Beveelt dat de tijd die door de verdachte vóór de tenuitvoerlegging van deze uitspraak in enige in artikel 27, eerste lid, van het Wetboek van Strafrecht bedoelde vorm van voorarrest is doorgebracht, bij de uitvoering van de opgelegde gevangenisstraf in mindering zal worden gebracht, voor zover die tijd niet reeds op een andere straf in mindering is gebracht.
Beveelt de
onttrekking aan het verkeervan de in beslag genomen, nog niet teruggegeven voorwerpen, te weten:
- een vuurwapen (merk [merk1] , kaliber oorspronkelijk 6 mm knal, nu.22)
- een patroonmagazijn van een [merk4]
- 27 centraalvuur kogelpatronen, merk Federal, kaliber [merk2]
-142 centraalvuur kogelpatronen, merk [merk3] , kaliber [merk2] .
Vordering van de benadeelde partij [naam5 ] Tav Dhr. [naam6]

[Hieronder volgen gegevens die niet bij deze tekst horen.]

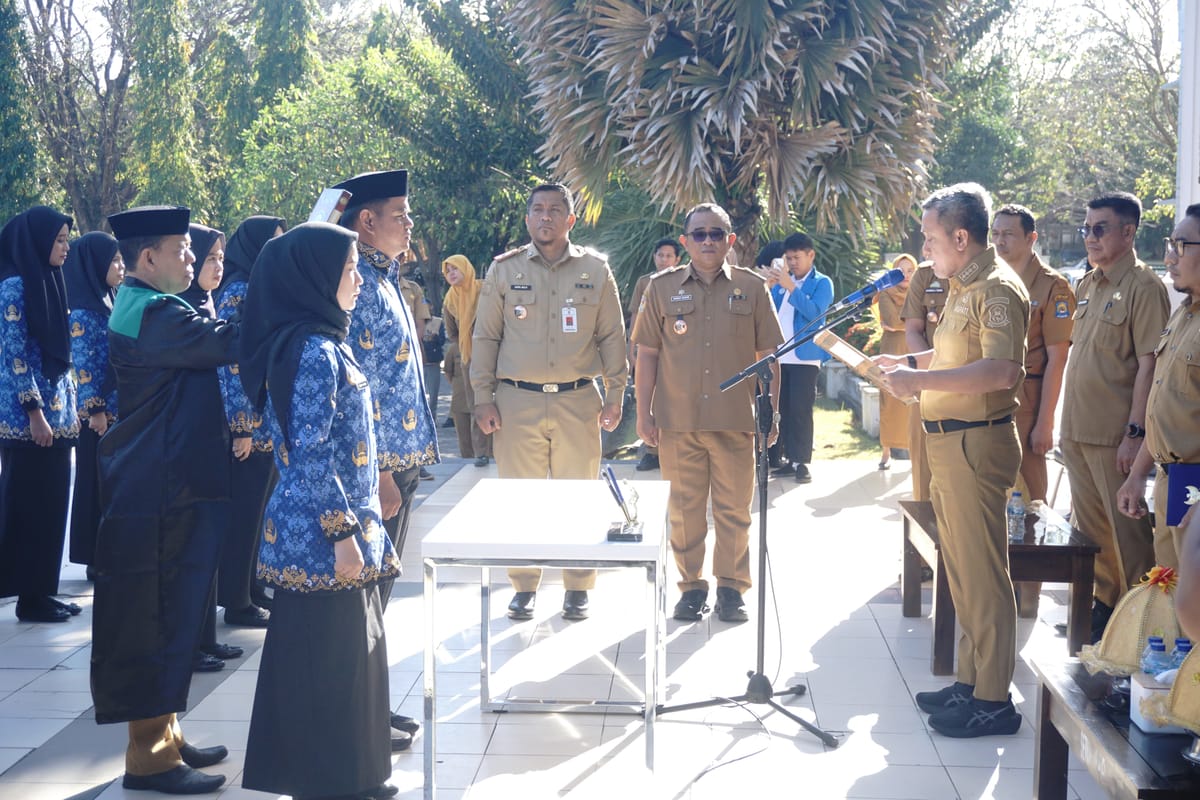Bupati Jeneponto Pimpin Upacara Bendera, Dirangkaikan Penyerahan SK dan Pengambilan Sumpah PNS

Wijst toe de vordering tot schadevergoeding van de benadeelde partij Rijksuniversiteit [plaats1] Tav Dhr. [naam6] ter zake van het in de zaak met parketnummer
08-997036-15 bewezenverklaarde tot het bedrag van
€ 638.079,00 (zeshonderdachtendertigduizend negenenzeventig euro) ter zake van materiële schade.
Verklaart de benadeelde partij voor het overige niet-ontvankelijk in de vordering en bepaalt dat de benadeelde partij in zoverre de vordering slechts bij de burgerlijke rechter kan aanbrengen.
Bepaalt dat de benadeelde partij en de verdachte ieder hun eigen kosten dragen.
Legt aan de verdachte de verplichting op om aan de Staat, ten behoeve van het slachtoffer, genaamd [naam5 ] , ter zake van het in de zaak met parketnummer
08-997036-15 bewezenverklaarde een bedrag te betalen van
€ 638.079,00 (zeshonderdachtendertigduizend negenenzeventig euro) als vergoeding voor materiële schade.
Bepaalt de duur van de gijzeling op ten hoogste 365 (driehonderdvijfenzestig) dagen. Toepassing van die gijzeling heft de verplichting tot schadevergoeding aan de Staat ten behoeve van het slachtoffer niet op.
Bepaalt dat indien en voor zover de verdachte aan een van beide betalingsverplichtingen heeft voldaan, de andere vervalt.
Aldus gewezen door
mr. G.A. Versteeg, voorzitter,
mr. G. Dam en mr. P.L.M van Gorkom, raadsheren,
in tegenwoordigheid van H. Kingma, griffier,
en op 24 maart 2021 ter openbare terechtzitting uitgesproken.
Mrs. Dam en Van Gorkom zijn buiten staat dit arrest te ondertekenen.